If you need help with your particular work-in-progress:
- Hire an editor to critique your words.
- Hire a writing coach to help you get the words down.
- Find a writing community for workshops.
- Learn the technique that's holding you back (either through a craft book or an online class).
Now, where do you even find these things?
I've got a few good places to start. This list is NOT exhaustive – there are SO many classes, coaches, editors, teachers, residencies, and workshops to choose from. These are just the few that made the tippy-top of my list.

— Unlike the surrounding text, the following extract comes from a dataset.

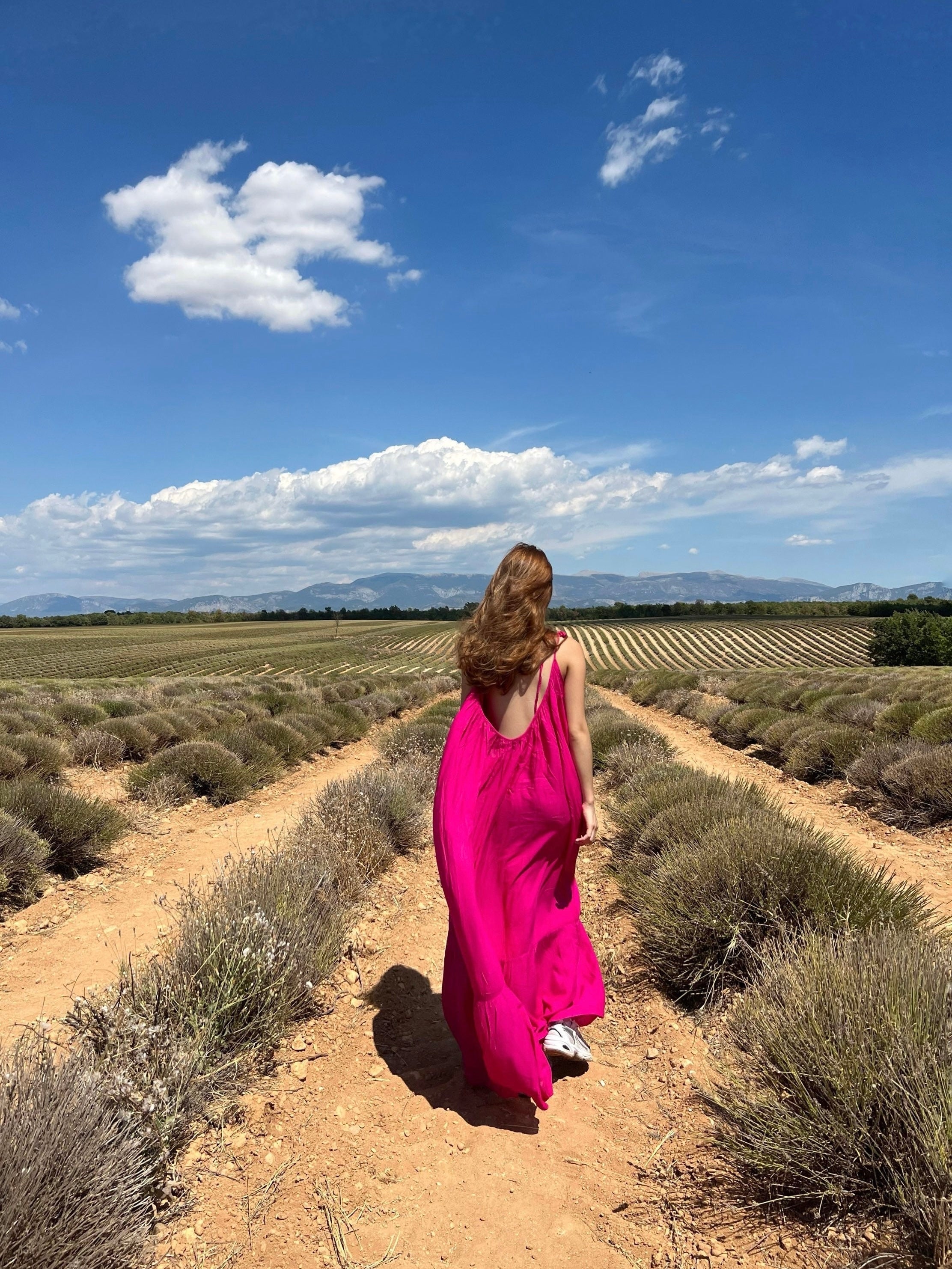 Unleash your inner fashionista with our Hot Pink Backless Maxi Dress from Mali - Shop now and stun the crowd!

- The Real+Good Writer's school (this is me!)
- E.M. Welsh
- Holly Lisle
- University of Iowa's International Writing Program
- Gotham Writers
- Tomi Adeyemi
- Story is a State of Mind
Editors + Manuscript Review:
- The Writer's Brain (Individualized coaching with me!)
- Lauren Sapala
- Jamae Sabangan
- Victoria Fry
- Author Accelerator
Conferences / Retreats / Workshops:
- Writing Workshops in Greece
- Breadloaf Writers Conference
- Tin House Writer's Workshop
- Iowa Summer Writing Festival
- Stonybrook Southampton Writers Conference
- Sewanee Writers' Conference
- AWP Conference
- Iceland Writing Retreat
- And if you want the master list: PW's got you covered.
I haven't taken all of these classes, or worked with all of these people, or attended all of these programs. These are just snippets from my lists of what makes sense for me and my writing life, and where I plan to pursue my investments.
When evaluating where to invest in your writing life, make sure you evaluate what and who makes the most sense for you. As you can see, there are TONS of different programs and editors and coaches and classes (and this list is NOT exhaustive. You could spend the rest of your life going through them all.
But don't do that.
How to choose where to invest
Invest in people and things that speak your language, that resonate with you, that seem to get who you are and what you need. You should always (always always always!) go into your investment from a place of "yes," ready to commit, ready to learn, ready to trust what you're getting whole-heartedly.
If you want to take your writing seriously and you don't want this writing thing to be just a hobby anymore, you NEED to invest in your writing life. How you do it is up to you, and specific to the needs of your writing life right now, but you've got to invest somewhere.
So make a plan and invest in your writing. Evaluate where you are and what you need. Evaluate the methods you could take to meet that need. Evaluate the specific programs/people/things to find someone you trust, and who works for you individually. Then make a decision to commit to investing in your writing life and becoming the writer you hope to be.